**ABOUT THIS EXERCISE**
Omit the pictures. Transcribe exactly the lines below, from the one with "Şekil 26. Grade" up to and including the last.

**DATA PROVIDED**
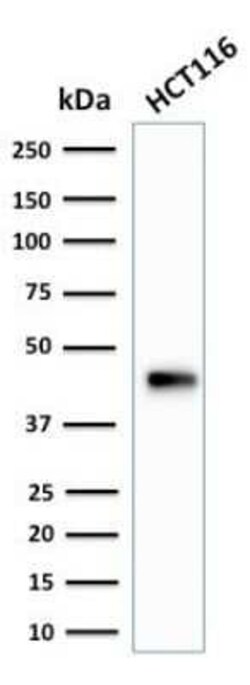 Cytokeratin 18 Antibody (SPM265) - Azide and BSA Free, Novus Biologicals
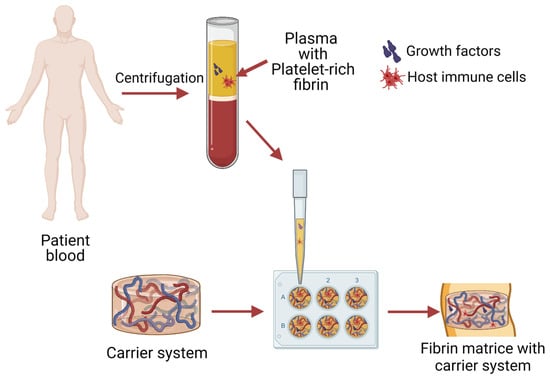 IJMS | Free Full-Text | From Blood to Regenerative Tissue: How ...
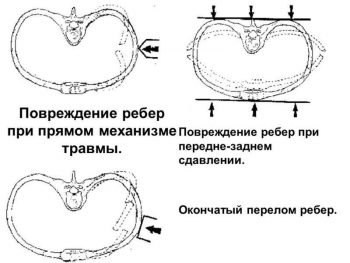механизм переломов ребер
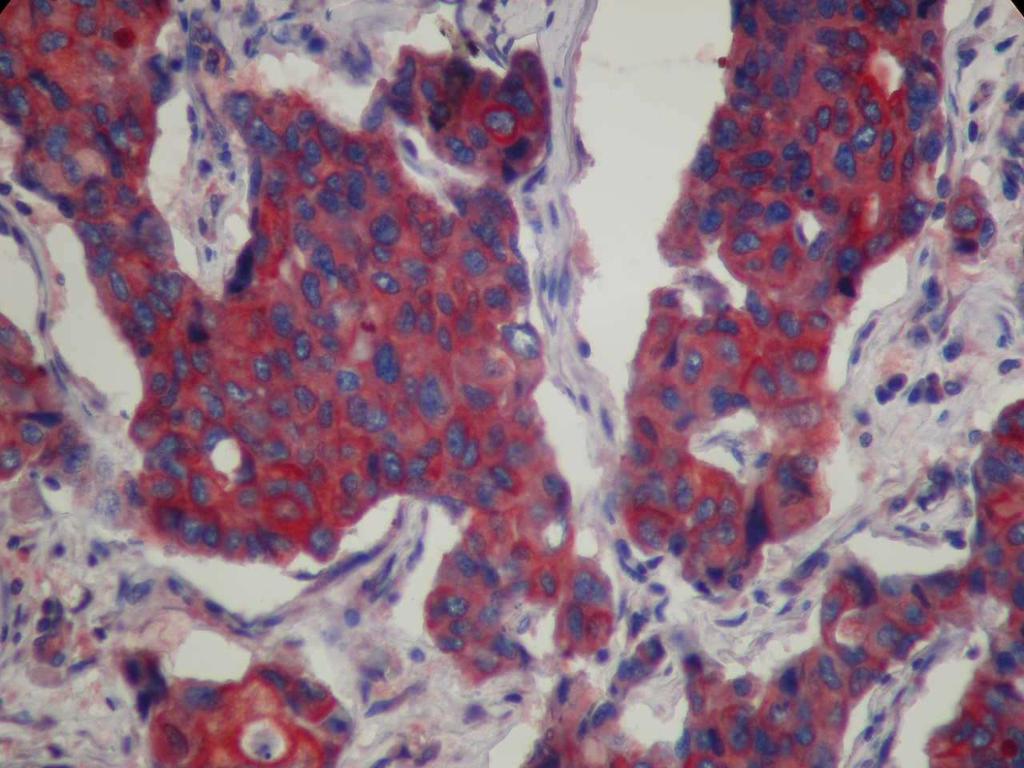 Şekil 26. Grade II meme karsinomu olgusunda BRCA1(DakoCytomation) ile orta şiddette (++) sitoplazmik boyanma Şekil 27.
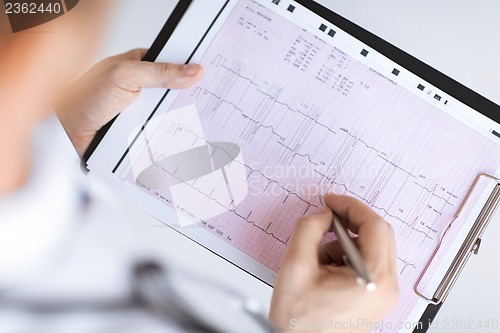 Image of male doctor hands with cardiogram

**FINISHED TASK**
 Şekil 26. Grade II meme karsinomu olgusunda BRCA1(DakoCytomation) ile orta şiddette (++) sitoplazmik boyanma Şekil 27.
 Image of male doctor hands with cardiogram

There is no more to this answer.